Astrid’s great-great-grandchildren grew up on a Martian surface still red, but instead of being barren it was lush with red-shifted vegetation adapted to lower light from Earth life, transformed at first by engineering and then further by the nature of its new planetary home. Somewhere along the line it was discovered that Mars was missing a satellite, of which the potato-shaped demi-moons that remained were remnants, the rest scattered through the asteroid belt eons ago. This was the smoking gun of the catastrophe that must have ruined the biosphere so long before, the issue was hotly debated and arrangements were made to correct the issue. The Martians sent fleets of probes that used plasma thrusters and electromagnetism to assemble a new and growing satellite from Phobos, Demos and thousands of pieces of the asteroid belt, shipped automatically back to a Martian orbit. The planet was beginning to have some active volcanism and plate tectonics again due to tidal forces, new changes to be sure but nothing that couldn’t be adapted to. Eventually and deliberately, ecotypes of Earth flora and fauna emerged or were introduced to this new world as rampant plant growth tamped down the dust storms and oxygen concentrations increased enough to live without domes or shelters. There was talk on the horizon about a colony on Ceres, now that the belt was clearing – of course, enforcers wouldn’t be involved.

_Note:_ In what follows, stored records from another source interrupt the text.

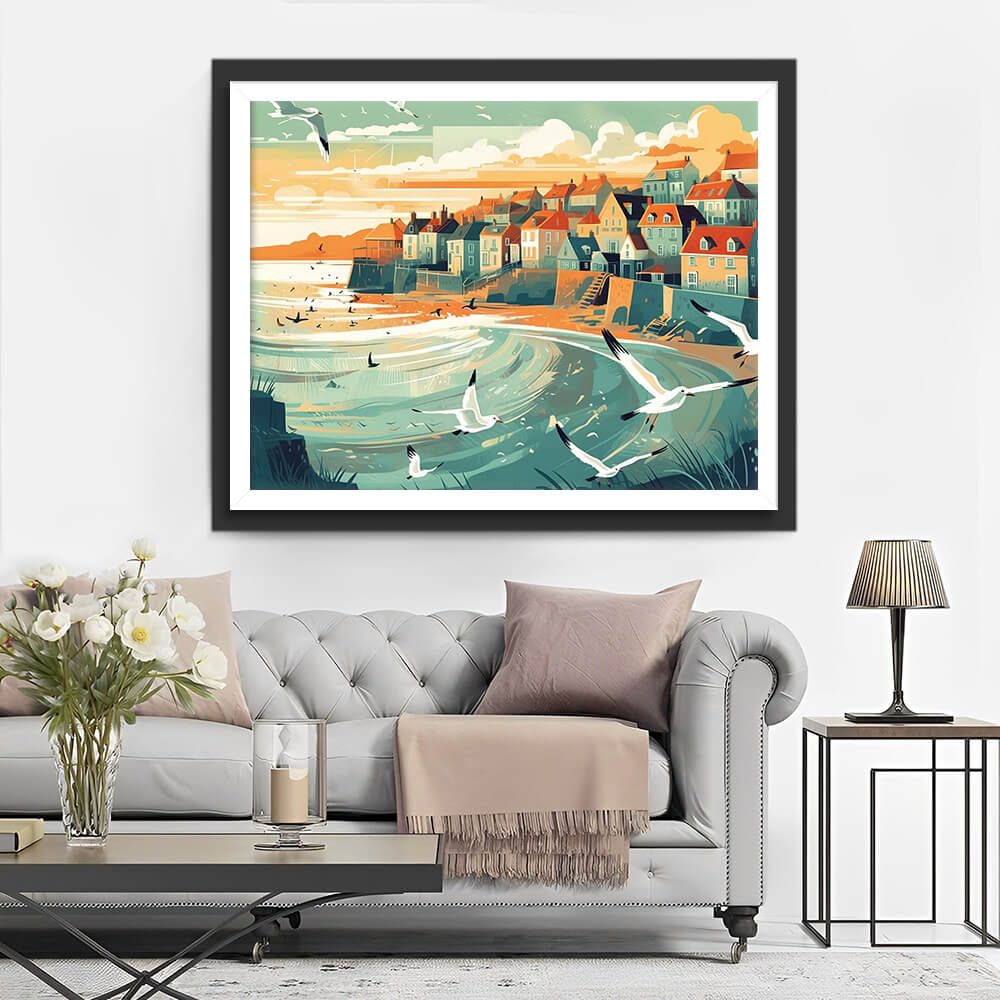 Seaside City and Seagulls Diamond Painting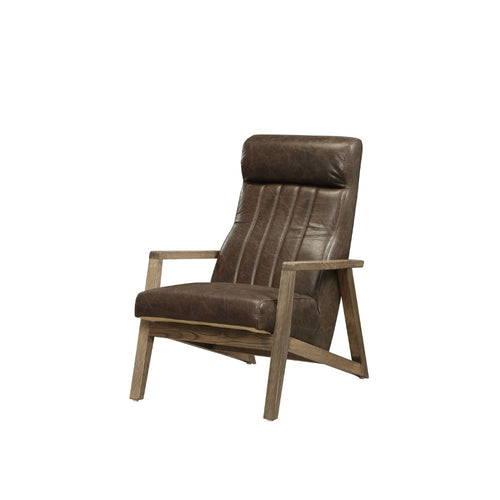 Emint High Back Accent Chair - Vertical Stitching in Distressed Chocolate Top Grain Leather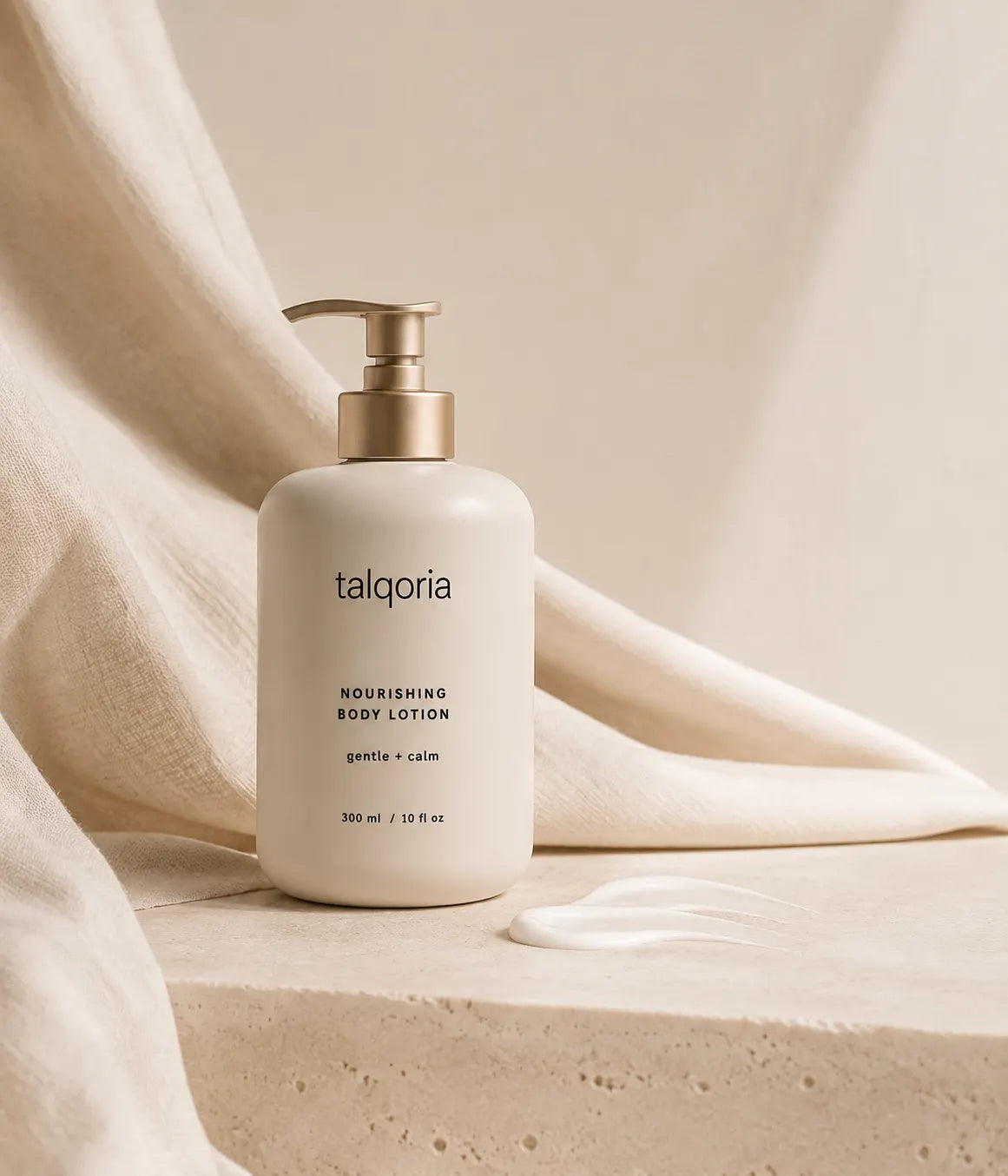 A bottle of talqoria Nourishing Body Lotion in a warm off-white color with a metallic gold pump, styled on a textured stone surface with draped beige fabric and a dollop of white lotion nearby.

Hundreds of years have passed. Martian oceans, liberated from the permafrost and polar caps by tidal heating and atmospheric warming, now teem with their own versions of everything from tiny crustaceans to kilometer-long filter-feeding behemoths. Giant flying fish glide for miles between patches of sea. Mountains running up to the coasts, rimmed as they are by burgundy kelp forests and dotted nearby with sailboats, feature unbelievably huge trees made possible by the low gravity, re-engineered genetically from Earth’s giant redwood to mimic nano-scanned fossil samples of petrified forests from the planet’s ancient past. Astrid’s Choice is the name of a red-and-purple-lichen-covered memorial statue of Astrid proposing to Talos at their graduation centuries before, in the center of one of these Martian Redwood stands of 1500-foot trees called Freedom Grove.